In response to this need, SPRING used the community video assessment as an opportunity to test an indicator for feeding styles as a responsive feeding behavior. After conducting research of the available responsive feeding assessment tools, the evaluation team selected the Caregiver’s Feeding Style Questionnaire (CFSQ), a survey that is able to assess positive encouragement for feeding and that is used in the US, but has not been widely tested in developing countries.
Our objective was to test this indicator to measure feeding styles in the developing country context of Niger, and to provide learning to determine if this indicator could be appropriate for use at a global level. Responsive feeding behaviors, along with nine additional MIYCN behaviors, were promoted through a community video for nutrition approach in select villages in Maradi region of Niger. SPRING-trained facilitators showed a community-produced video and led a discussion in community groups (mother support groups, husband’s schools, adolescent groups, and women’s groups) to promote good responsive feeding behaviors as part of effective complementary feeding. Data on knowledge and practices were collected at three points: prior to the video screening, approximately one month after the screening, and two to four months after the screening. The findings showed an increase in responsive feeding behaviors after exposure to the video and that adoption of recommended behaviors continued to increase approximately two months after seeing the video.

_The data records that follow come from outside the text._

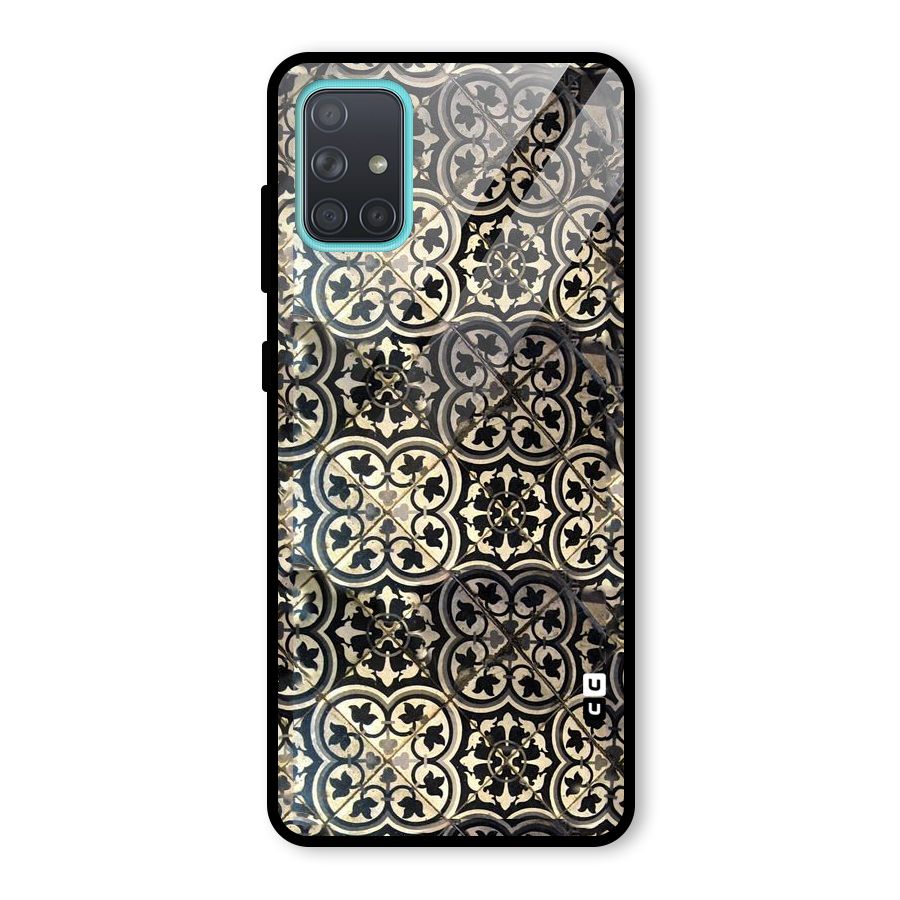 Floral Tile Glass Back Case for Galaxy A71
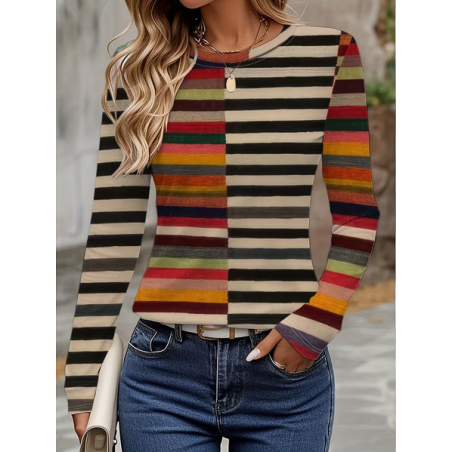Women Striped Long Sleeve Tee T-shirt Crew Neck Printing Casual Spring/Fall Graphic Tee Top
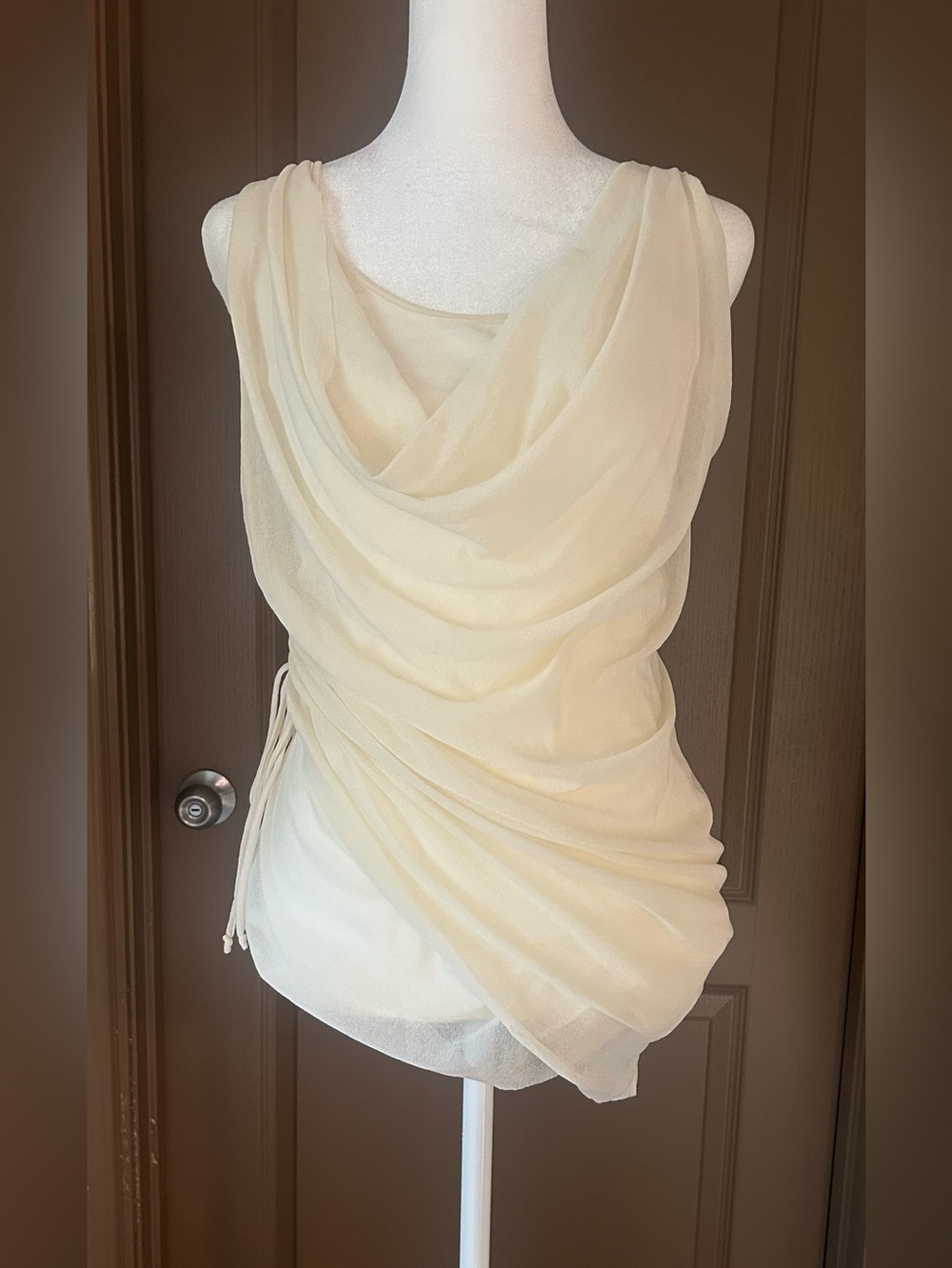 Fuzzi Draped Ruched Mesh Tank Top Size L Made in Italy Ivory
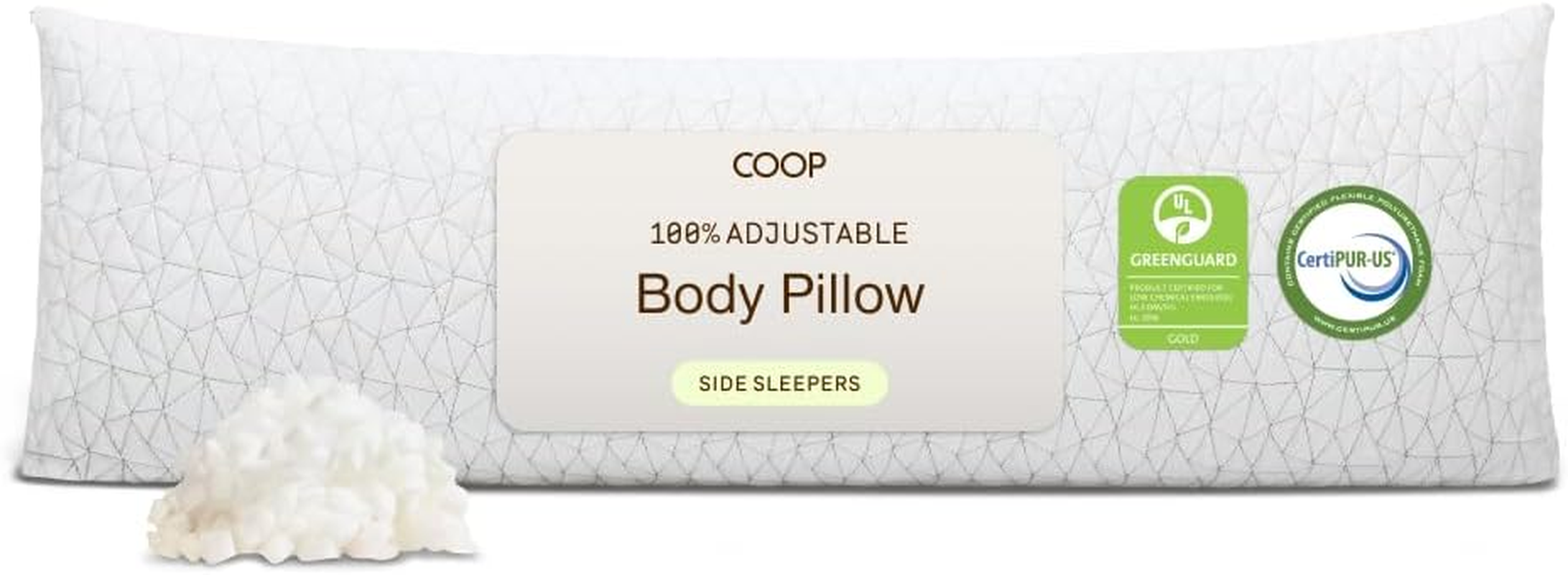 Original Adjustable Body Pillow, 20X54 Long Pillow for Back, Shoulder, Hip and Knee Support, Side Sleeper Body Pillows for Adults with Memory Foam & Washable Cover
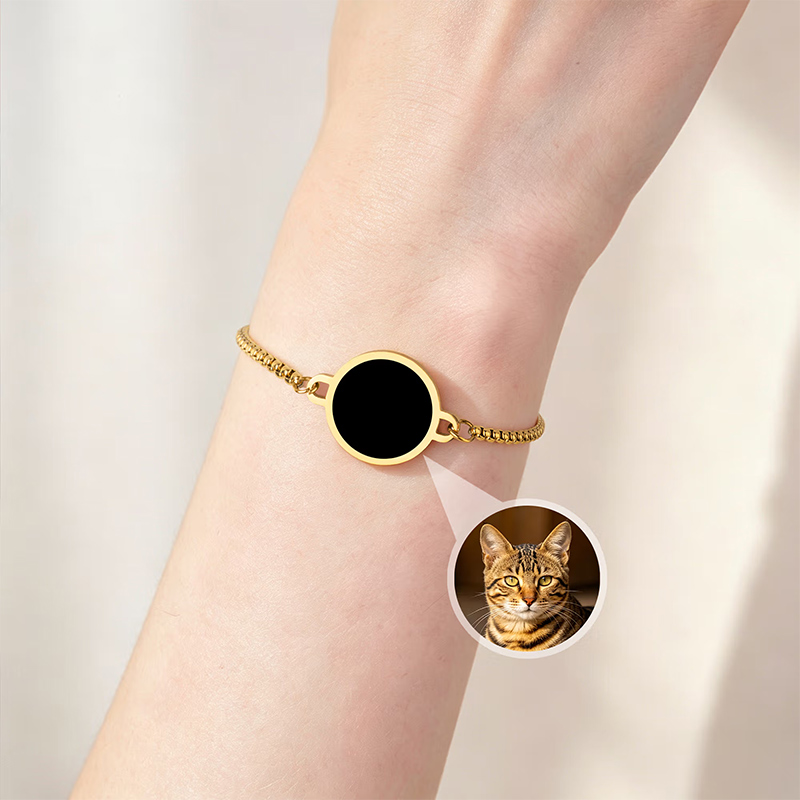 Personalized Heat-Activated Hidden Photo Adjustable Bracelet with Engraved Text Memorable Birthday Anniversary Gift for Dad Mom Grandma Family Gift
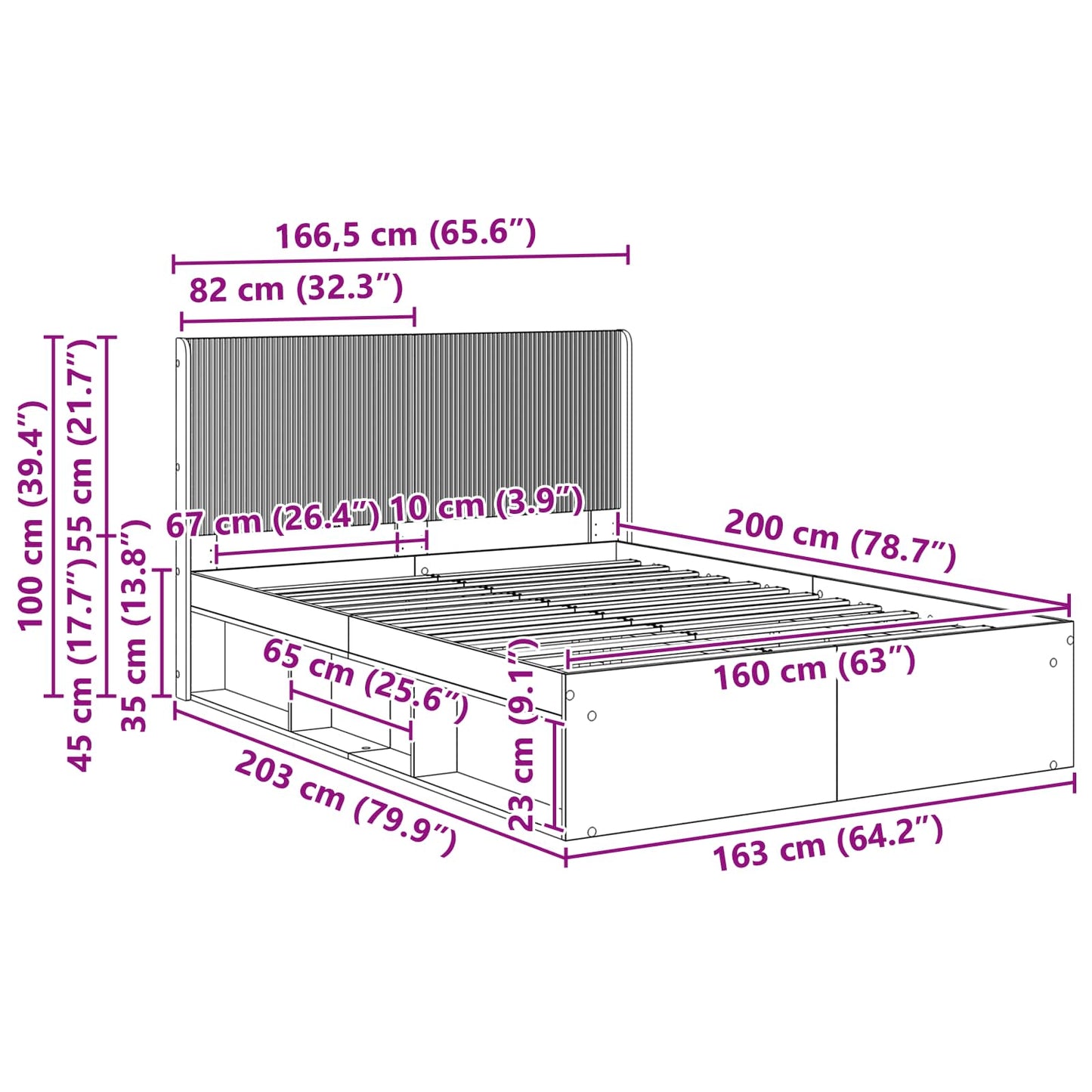vidaXL Bed Frame with Storage and Headboard 2 pcs Engineered Wood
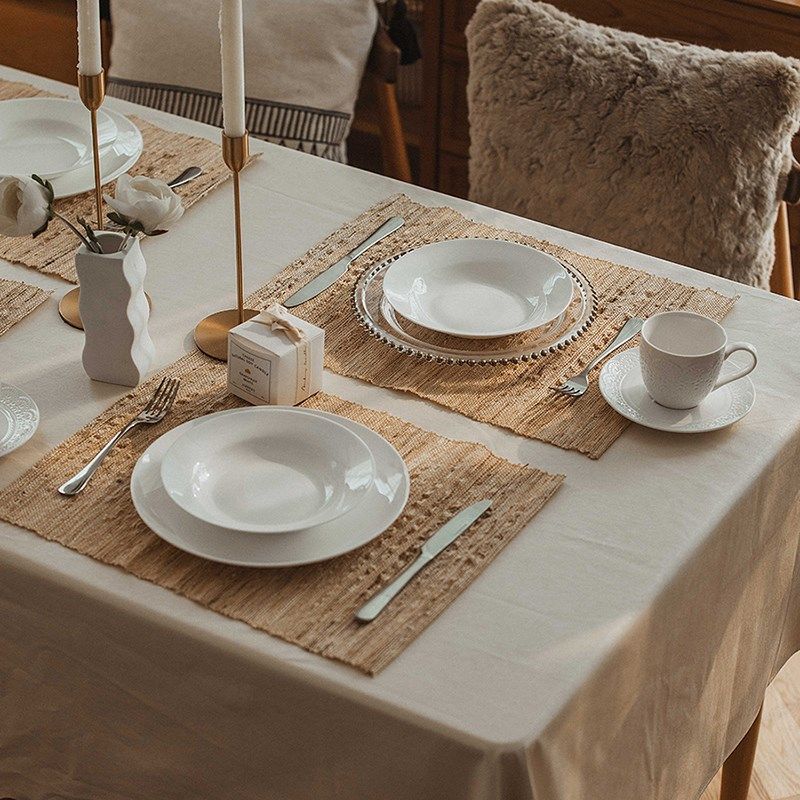 ns简约餐垫日式原木风苎麻餐桌隔热垫防烫手工编织夏布茶席,居家布艺,餐垫,淘宝优惠券,粉丝福利购,淘宝优惠卷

SPRING’s findings on the use of the CFSQ as an indicator for responsive feeding behaviors shows that the CFSQ provides a reliable measure of feeding styles for the resilience context of Niger. While the child feeding style questionnaire (CFSQ) was designed to assess nutrition behaviors, it may also provide a valuable opportunity to strengthen linkages between nutrition and early childhood development programs. There are currently very few indicators available to collect information on the care of very young children; future research should consider exploring the potential of responsive feeding of infants and young children on early childhood development. Based on these outcomes, promoting and increasing the use of the CFSQ indicator represents an opportunity for the global community to elevate the importance of responsive feeding as a critical nutrition practice to improve health and development in early childhood.